[PROVIDED RECORDS Boundary: Start]
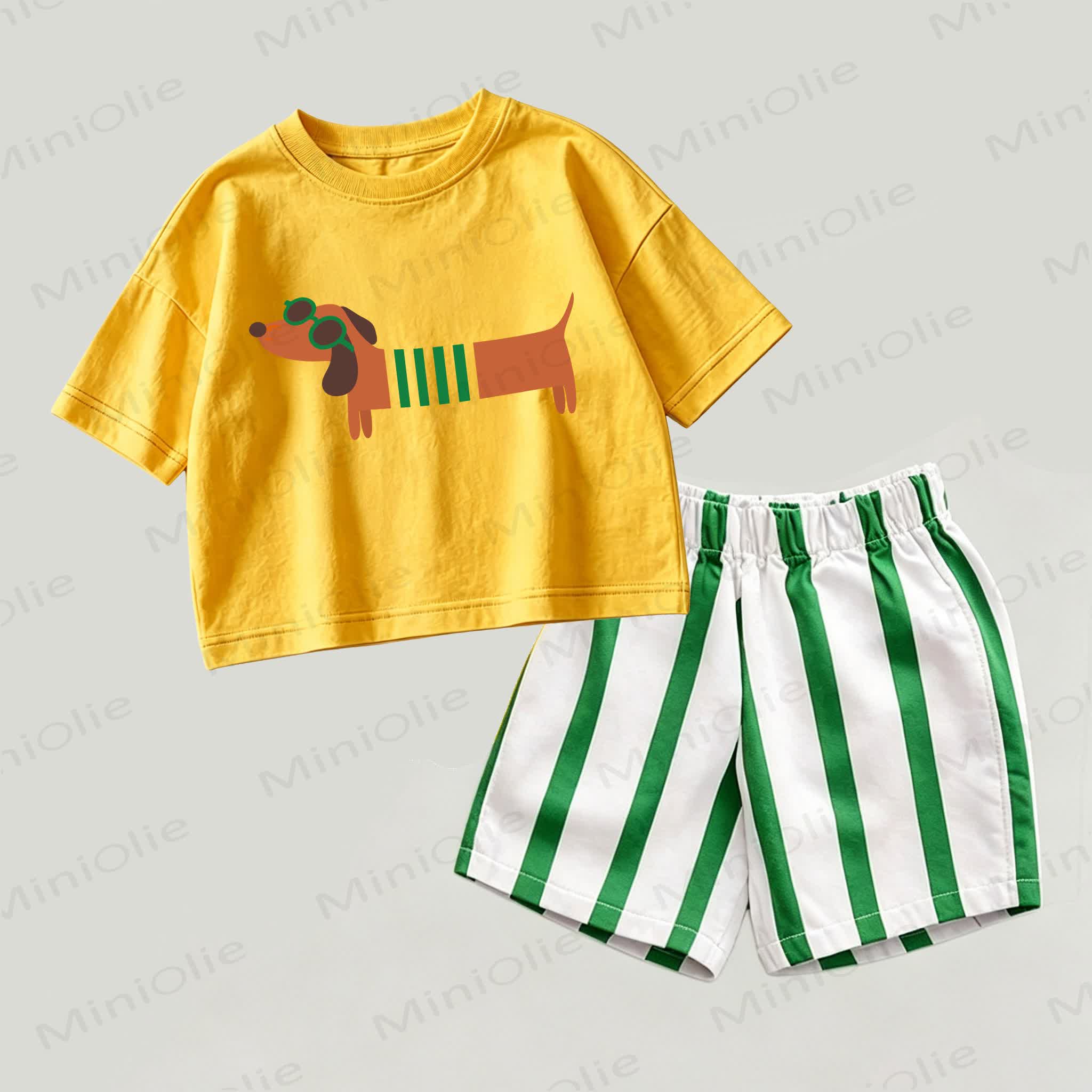 Baby Daschund Yellow&Green Top and Striped Shorts 2-piece Set - Yellow&Green - 2-3T - image 1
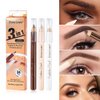 Adurello 3 in 1 Eyebrow Makeup Pencil Kit, Long Lasting Waterproof Eyebrow Pencil Eyeshadow Eyeliner Pencil & Eye Concealer Pencil for Natural Brow Makeup (Light brown)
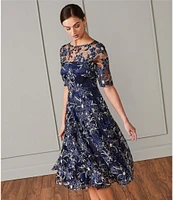 Eliza J Illusion Boat Neck Short Sleeve Sequin Embroidered Floral Lace A-Line Midi Dress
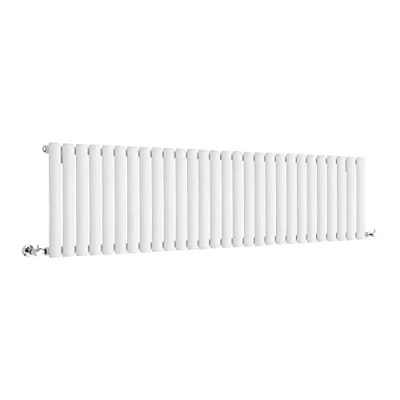Image of Milano Aruba White Horizontal Single Oval Panel Radiator 400mm x 1652mm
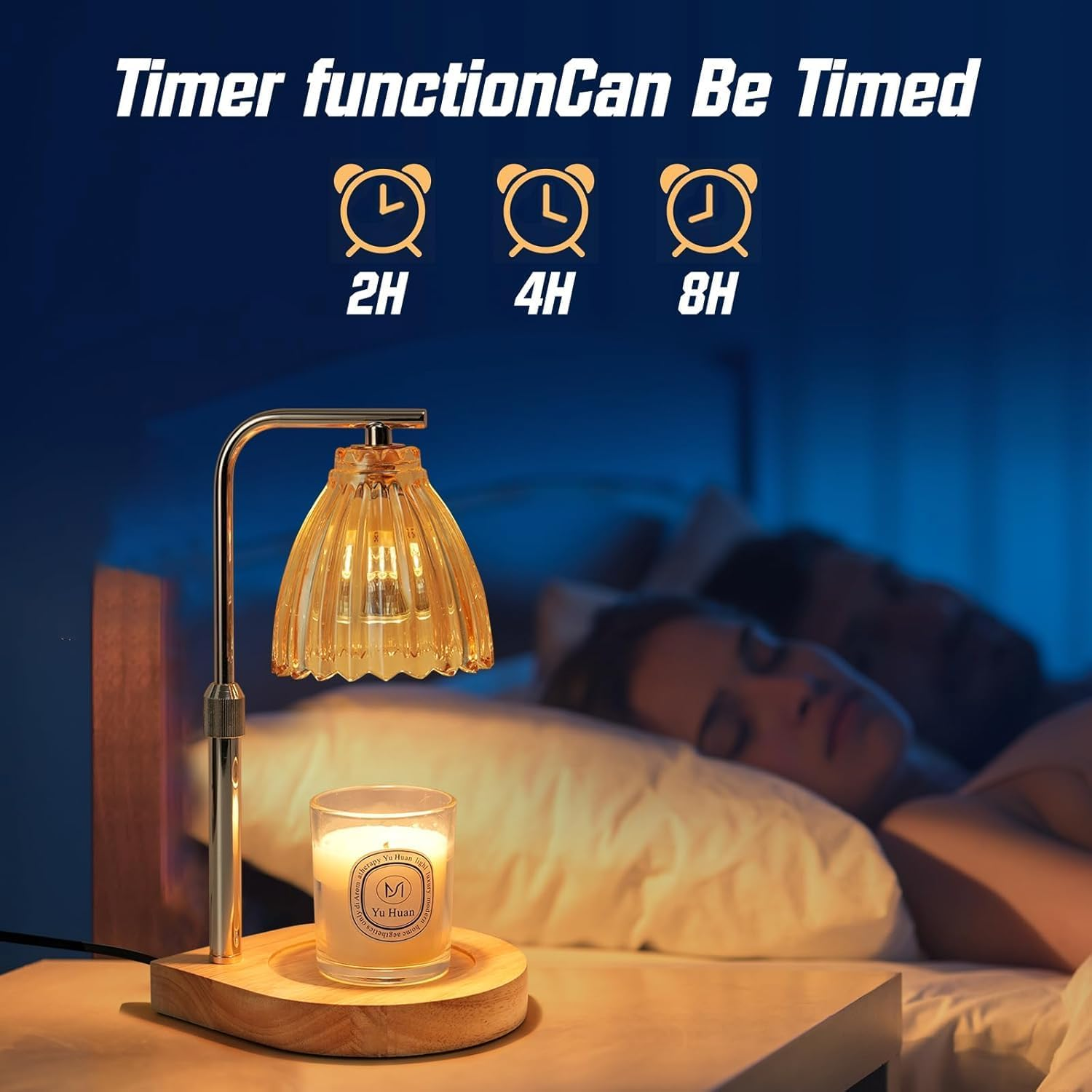 Candle Warmer Lamp, Candle Warmer with Timer Dimmer Height Adjustable, Lamp Wax Warmer with 2 Bulbs,For Wife Girlfriend Mom,House Warming Gifts New Home Gifts,Warm Yellow image number 4
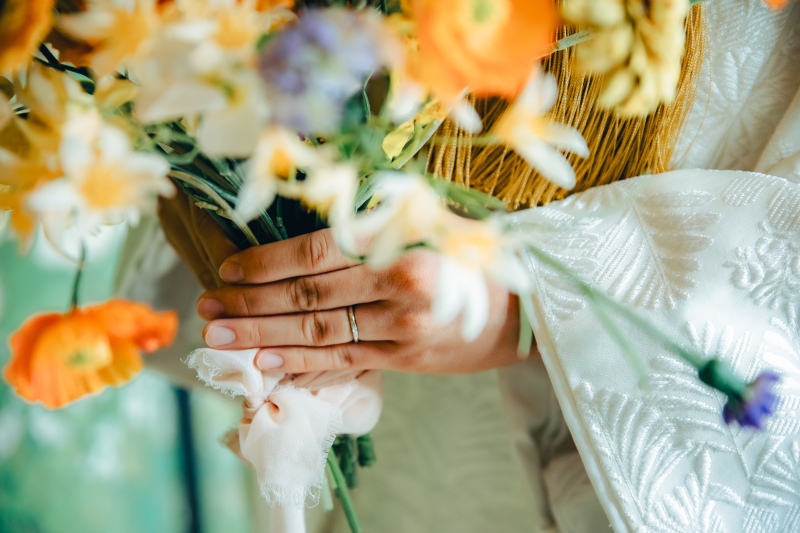 花と誓い、ブーケと結婚指輪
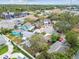 A vibrant residential area with diverse homes, mature landscaping, and convenient access to nearby amenities at 361 Colonial Ct, Dunedin, FL 34698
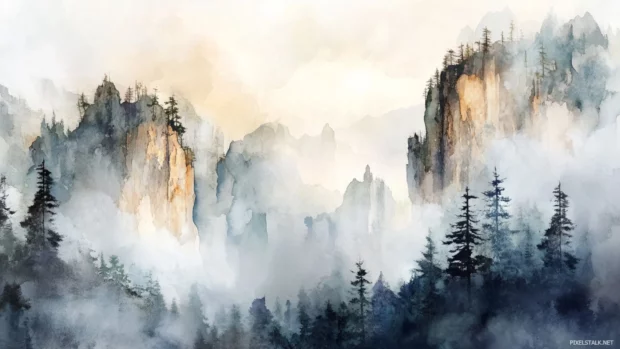 Towering cliffs and delicate mist in a watercolor desktop wallpaper with mountains and forests.
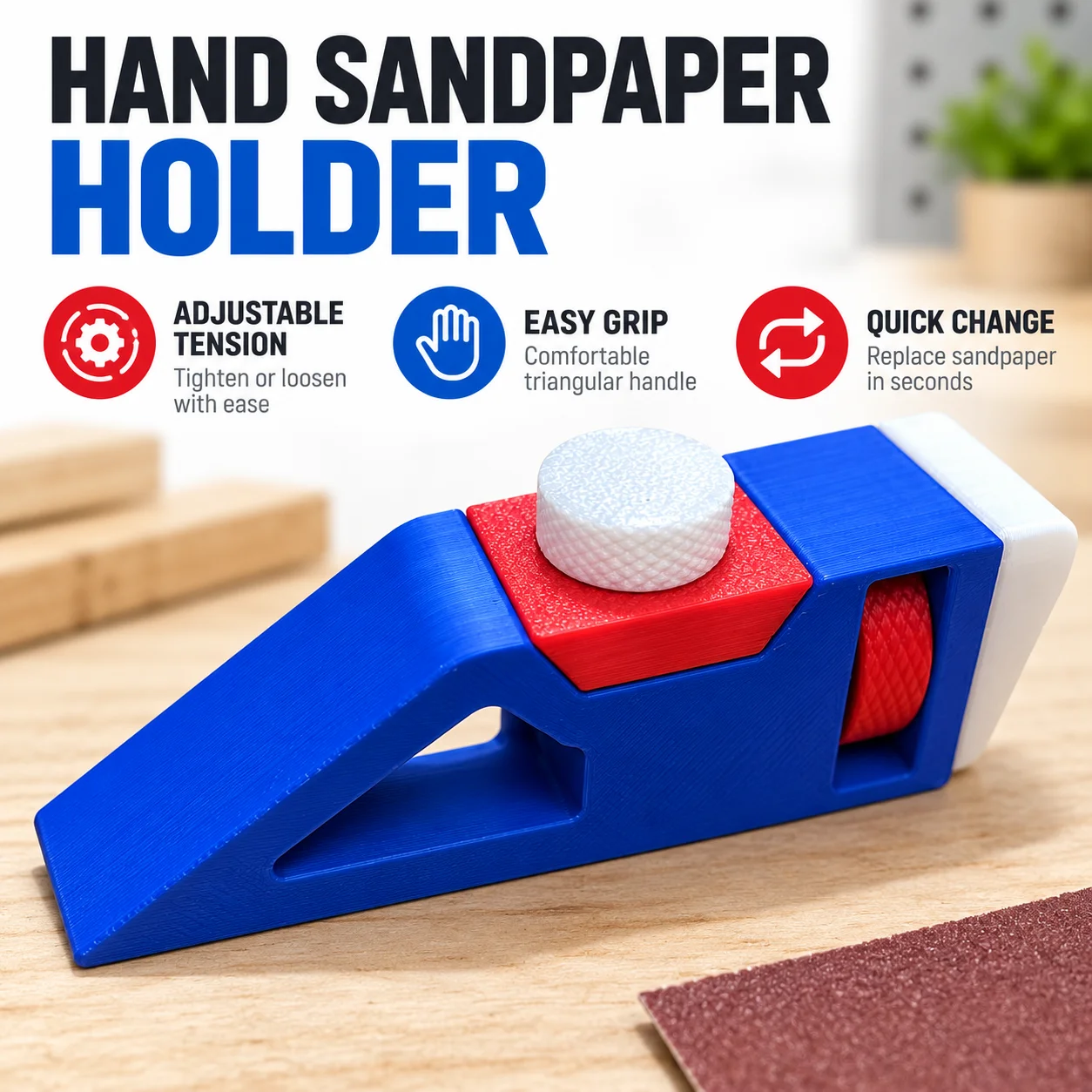 Verstellbares Handschleifwerkzeug, 3D-gedruckter Schleifpapierhalter, Schnellwechsel-Spannschleifer für Holzbearbeitung, DIY-Modellpolitur – Detail 6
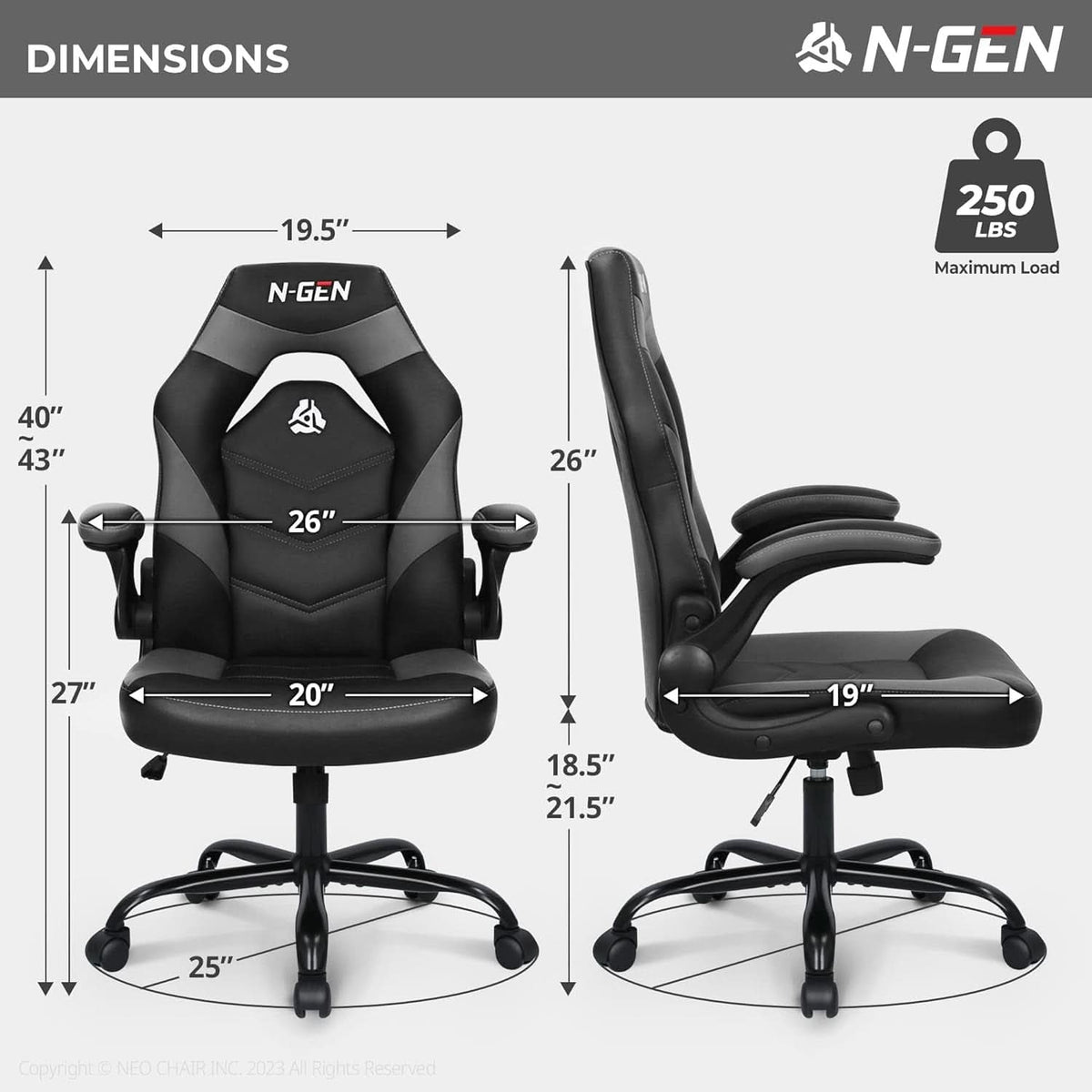 N-GEN Ergonomic Gaming Chair With Lumbar Support Gray PU Leather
[PROVIDED RECORDS Boundary: End]
Look above and copy only the lines from the one holding "Towering cliffs and" to the one holding "Verstellbares Handschleifwerkzeug, 3D-gedruckter", both included, exactly, minus the pictures.

§ ANSWER TO THIS EXERCISE:
 Towering cliffs and delicate mist in a watercolor desktop wallpaper with mountains and forests.
 Verstellbares Handschleifwerkzeug, 3D-gedruckter Schleifpapierhalter, Schnellwechsel-Spannschleifer für Holzbearbeitung, DIY-Modellpolitur – Detail 6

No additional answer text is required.